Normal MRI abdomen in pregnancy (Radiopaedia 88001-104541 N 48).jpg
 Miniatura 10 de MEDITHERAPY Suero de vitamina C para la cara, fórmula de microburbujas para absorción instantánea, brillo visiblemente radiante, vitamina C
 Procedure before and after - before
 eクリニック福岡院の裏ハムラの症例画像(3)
_ _ _ _ _
### [Requirement]
After reading the listing above, print each line back exactly.

### [Output for this exercise]
Normal MRI abdomen in pregnancy (Radiopaedia 88001-104541 N 48).jpg
 Miniatura 10 de MEDITHERAPY Suero de vitamina C para la cara, fórmula de microburbujas para absorción instantánea, brillo visiblemente radiante, vitamina C
 Procedure before and after - before
 eクリニック福岡院の裏ハムラの症例画像(3)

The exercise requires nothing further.